BERLIN

Stress und Langeweile statt Spielen und Lernen

Flüchtlingskinder
Kinder auf dem Flur eines Flüchtlingsheims. Foto: Jens Büttner, dpa

Kaum Privatsphäre, unzureichende hygienische Bedingungen und fehlender Schutz vor Übergriffen – so sieht das Leben in vielen Flüchtlingsunterkünften aus. Nicht nur Erwachsene, sondern vor allem Kinder leiden darunter. Das ist das Ergebnis der am Dienstag in Berlin vorgestellten Unicef-Studie „Kindheit im Wartezustand“, für die 447 haupt- und ehrenamtliche Mitarbeiter von Flüchtlingsunterkünften befragt wurden.

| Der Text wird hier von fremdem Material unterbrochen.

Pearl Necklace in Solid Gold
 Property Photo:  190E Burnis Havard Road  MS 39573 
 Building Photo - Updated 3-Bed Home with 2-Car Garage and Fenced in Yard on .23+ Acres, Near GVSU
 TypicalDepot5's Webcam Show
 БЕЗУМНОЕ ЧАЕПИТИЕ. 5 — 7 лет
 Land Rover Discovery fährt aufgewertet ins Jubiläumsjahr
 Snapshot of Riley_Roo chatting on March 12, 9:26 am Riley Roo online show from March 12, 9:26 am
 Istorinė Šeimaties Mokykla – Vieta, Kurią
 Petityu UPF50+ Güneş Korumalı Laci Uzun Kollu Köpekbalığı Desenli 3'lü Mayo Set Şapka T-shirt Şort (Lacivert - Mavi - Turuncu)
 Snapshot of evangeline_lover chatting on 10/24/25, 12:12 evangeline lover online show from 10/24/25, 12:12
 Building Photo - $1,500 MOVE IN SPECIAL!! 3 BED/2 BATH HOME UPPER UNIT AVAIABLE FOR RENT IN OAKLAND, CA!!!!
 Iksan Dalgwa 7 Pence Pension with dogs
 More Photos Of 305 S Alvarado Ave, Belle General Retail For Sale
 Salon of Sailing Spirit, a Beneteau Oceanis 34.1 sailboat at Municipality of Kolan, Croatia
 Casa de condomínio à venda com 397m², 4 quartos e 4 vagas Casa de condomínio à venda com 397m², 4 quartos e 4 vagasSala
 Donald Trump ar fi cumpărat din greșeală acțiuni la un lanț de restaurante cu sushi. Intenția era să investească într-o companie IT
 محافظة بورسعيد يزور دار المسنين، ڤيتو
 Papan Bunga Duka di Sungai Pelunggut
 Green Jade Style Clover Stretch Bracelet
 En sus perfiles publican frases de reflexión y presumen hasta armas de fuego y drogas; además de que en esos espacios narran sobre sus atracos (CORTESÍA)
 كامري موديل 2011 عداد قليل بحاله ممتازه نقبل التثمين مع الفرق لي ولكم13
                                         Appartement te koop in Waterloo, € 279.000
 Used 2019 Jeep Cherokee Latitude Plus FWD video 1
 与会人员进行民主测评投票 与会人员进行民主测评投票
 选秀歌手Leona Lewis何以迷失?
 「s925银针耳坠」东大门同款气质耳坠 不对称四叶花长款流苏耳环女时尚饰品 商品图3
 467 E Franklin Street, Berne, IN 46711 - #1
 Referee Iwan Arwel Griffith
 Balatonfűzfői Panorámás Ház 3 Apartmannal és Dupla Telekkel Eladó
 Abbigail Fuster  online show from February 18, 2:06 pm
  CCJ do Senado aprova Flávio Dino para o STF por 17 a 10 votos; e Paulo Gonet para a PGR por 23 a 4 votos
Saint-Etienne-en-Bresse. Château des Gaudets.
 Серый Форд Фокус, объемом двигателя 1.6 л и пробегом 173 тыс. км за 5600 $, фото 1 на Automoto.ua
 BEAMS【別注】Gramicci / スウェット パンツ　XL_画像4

In den vergangenen zwei Jahren kamen etwa 350 000 Kinder und Jugendliche in Begleitung ihrer Eltern nach Deutschland, um hier Schutz vor Krieg und Gewalt zu suchen. Flüchtlingsunterkünfte sind für die meisten dieser Kinder zunächst der zentrale Lebensmittelpunkt.

Hygiene mangelhaft

Doch Adam Naber vom Bundesverband unbegleitete minderjährige Flüchtlinge und Mitautor der Studie sagt: „Viele Unterkünfte sind keine kindgerechten Orte.“ Denn die Mädchen und Jungen leben dort mit vielen fremden Menschen auf engem Raum, ohne Ruhe zum Spielen und Lernen zu haben.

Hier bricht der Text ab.